A habilitação dos municípios destaca a importância do legado de políticas prévias, dos arranjos institucionais e da ação política dos níveis mais abrangentes de governo para explicar o processo de municipalização. Desse modo, a descentralização já estava em curso, promovida anteriormente pelas NOB n. 1 e 2. A existência de três níveis de gestão para os municípios no SUAS permitiu a adesão gradual destes, de acordo com a capacidade institucional e o nível de comprometimento que desejassem assumir com a política de assistência social. As regras mais flexíveis para o período de transição propiciaram que muitos municípios pudessem se habilitar mesmo sem cumprirem integralmente com as exigências da normativa federal, uma vez que parte dos requisitos exigia apenas a declaração do gestor municipal. Ressalte-se, somando-se a isso, o papel do órgão gestor federal, que previu repasse de recursos a serviços sócio-assistenciais vinculados à habilitação dos municípios. O gestor estadual da política, em complemento, assumiu a coordenação do processo de habilitação em Minas Gerais, conduzindo ações para diminuir as assimetrias informacionais e técnicas dos municípios à rede do SUAS.

Tendo em vista a quase universalização da habilitação, não foram necessários testes empíricos para analisar a influência de fatores estruturais para este "programa". Em seu lugar, foi organizada uma tentativa de abordar a "qualidade" ou adequabilidade das habilitações por meio de comparações com variáveis de capacidade administrativa e esforço municipal na área de assistência. Os resultados apontam enorme dispersão em cada um dos tipos de habilitações e uma leve melhoria dos indicadores para os municípios nos níveis mais exigentes de habilitação, menos para capacidade administrativa. Isso significa que os municípios em uma mesma habilitação são muito heterogêneos entre si, havendo uma melhoria apenas residual para os municípios nas habilitações que denotam maior compromisso com a assistência social.

A implementação dos CRAS demonstrou como mecanismos de indução e a coordenação de ações entre os entes federados é essencial para processos de descentralização de políticas sociais. Os arranjos constituídos, especificamente para o cofinanciamento, foram importantes para a expansão do número de CRAS no estado de Minas Gerais. Os níveis mais abrangentes de governo cofinanciaram com recursos próprios a implantação desses equipamentos, o que por si só é um incentivo à adesão. Em vista dos critérios adotados para os repasses, a implementação foi "focalizada": as regiões administrativas do estado com os piores indicadores sócio-econômicos (Jequitinhonha/Mucuri, Norte de Minas e Rio Doce) foram as que proporcionalmente mais implementaram CRAS.

Os fatores estruturais, quando testados, demonstraram que a baixa capacidade administrativa e econômica não foram obstáculos para a expansão dos equipamentos. Em todas as faixas analisadas, municípios aderiram ao "programa" de implementação dos CRAS. Os fatores econômicos, no entanto, apontam uma concentração maior de adesão entre os municípios menos abastados. Por outro lado, os municípios com os melhores indicadores de capacidade administrativa foram os que mais implementaram CRAS proporcionalmente às outras faixas.

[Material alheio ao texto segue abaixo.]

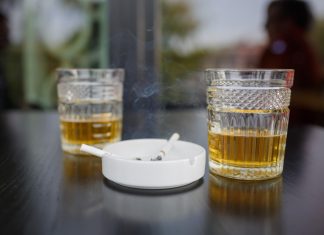 Μπαίνει «Μεγάλος Αδελφός» στην αγορά καπνού και αλκοόλ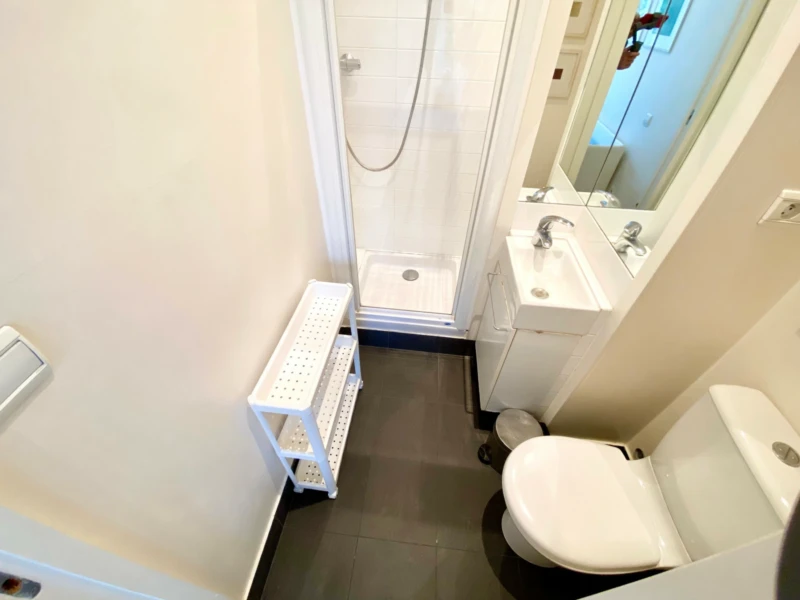 Beautiful Apartment with Balcony Close to La Madeleine Church (loyer tout inclus) 20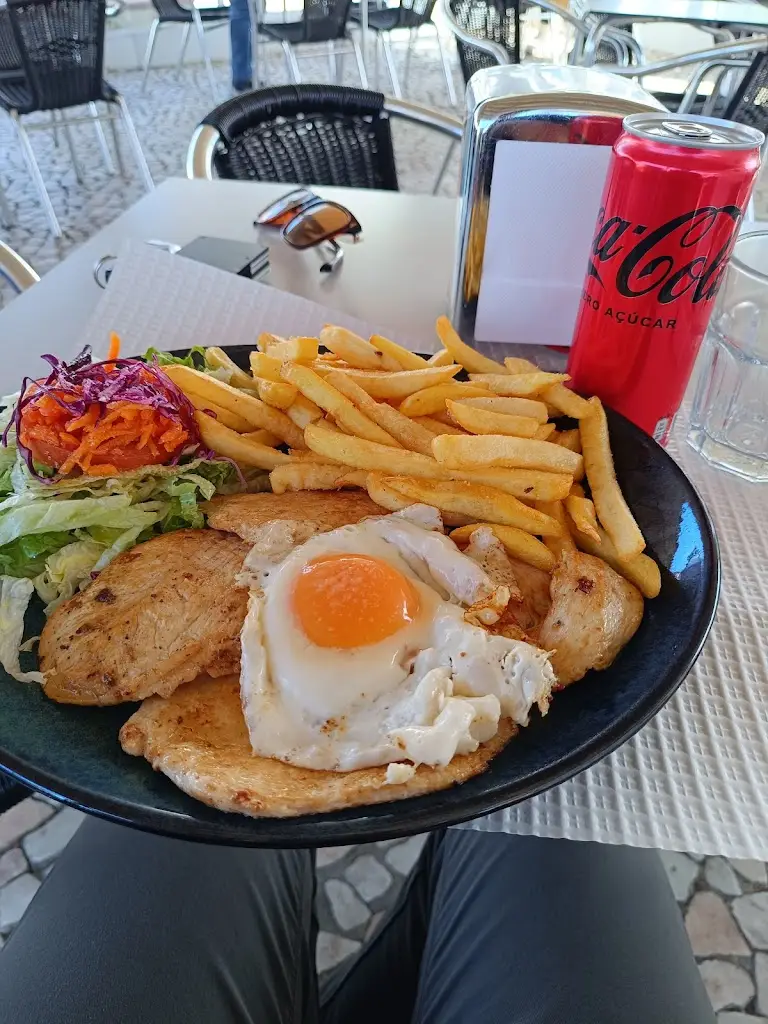 Tai Ribeiro_Kão Kente_Vila Viçosa_review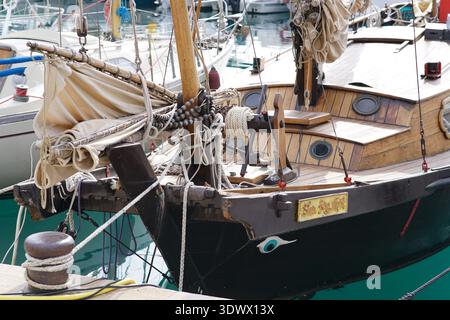 Nahaufnahme des klassischen hölzernen Segelboots 'Sia Posi' mit Takelage im Hafen von Menton. Menton, Frankreich Stockfoto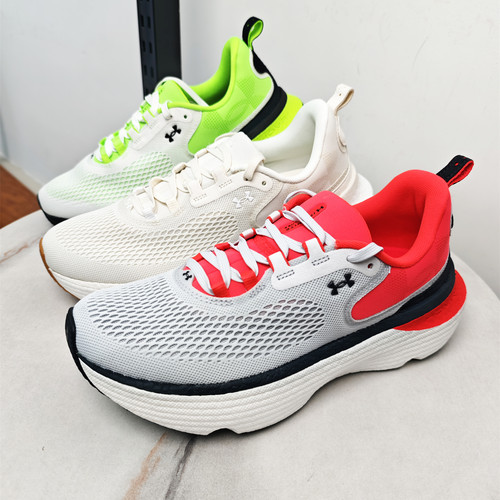 安德玛2025新款男子缓震跑步鞋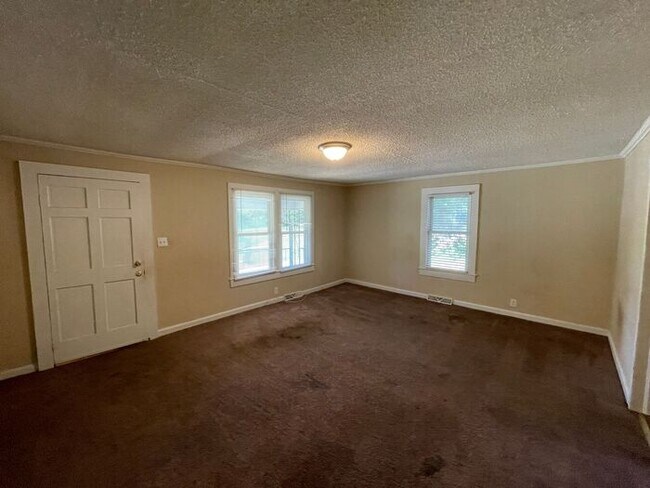 Building Photo - 3 bedroom 1 bath house available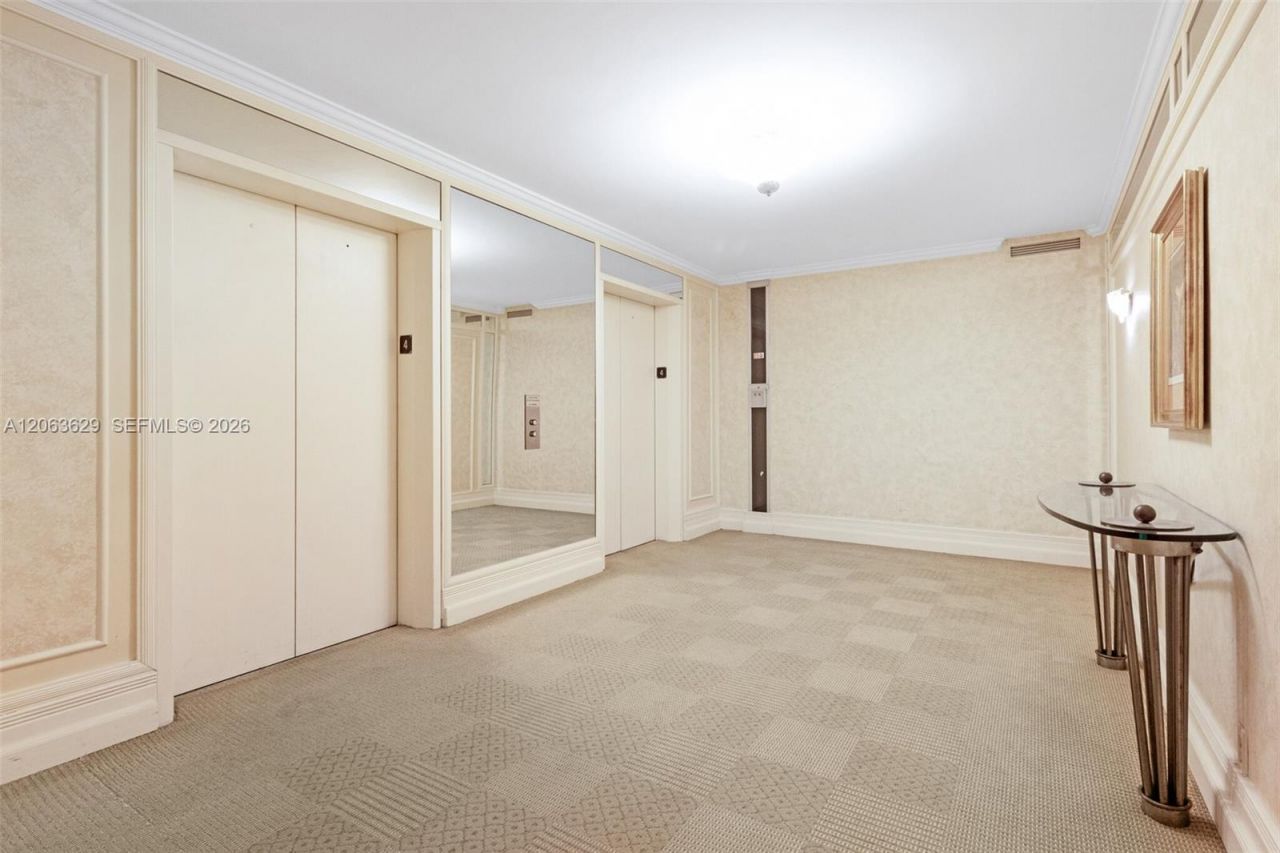 5700 Collins Ave , Unit 4C, Miami Beach, FL 33140 Photo
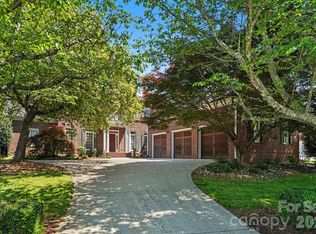 7609 Windaliere Dr, Cornelius, NC 28031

Em síntese, a implementação do SUAS em Minas Gerais encontra-se avançada em alguns campos, como o da habilitação, e em processo de expansão para a implementação dos CRAS. A análise desenvolvida neste estudo ilustra que há um grau significativo de acerto para a premissa de que arranjos institucionais e mecanismos de indução são importantes em processos de descentralização de políticas públicas. Foram contrapostos fatores apontados pela literatura como relevantes para informar o alcance da descentralização, em particular os fatores estruturais e que traduzem o legado de políticas e trajetórias prévias e da engenharia operacional da política específica. Os mecanismos institucionais e de ação política foram centrais para complementar o processo de habilitação dos municípios e diminuir os custos da implementação dos CRAS, com forte caráter indutor. Desse modo, seja por sua presença efetiva, ou por sua ausência ou presença residual, arranjos institucionais bem-definidos e o compromisso das instâncias mais abrangentes foram essenciais para explicar a descentralização da política de assistência social em Minas Gerais. Uma hipótese explicativa relevante, contudo, sobre o formato de interação entre Estado e sociedade - exemplificada principalmente pelo nível de capital social presente nos diferentes municípios - não foi testada.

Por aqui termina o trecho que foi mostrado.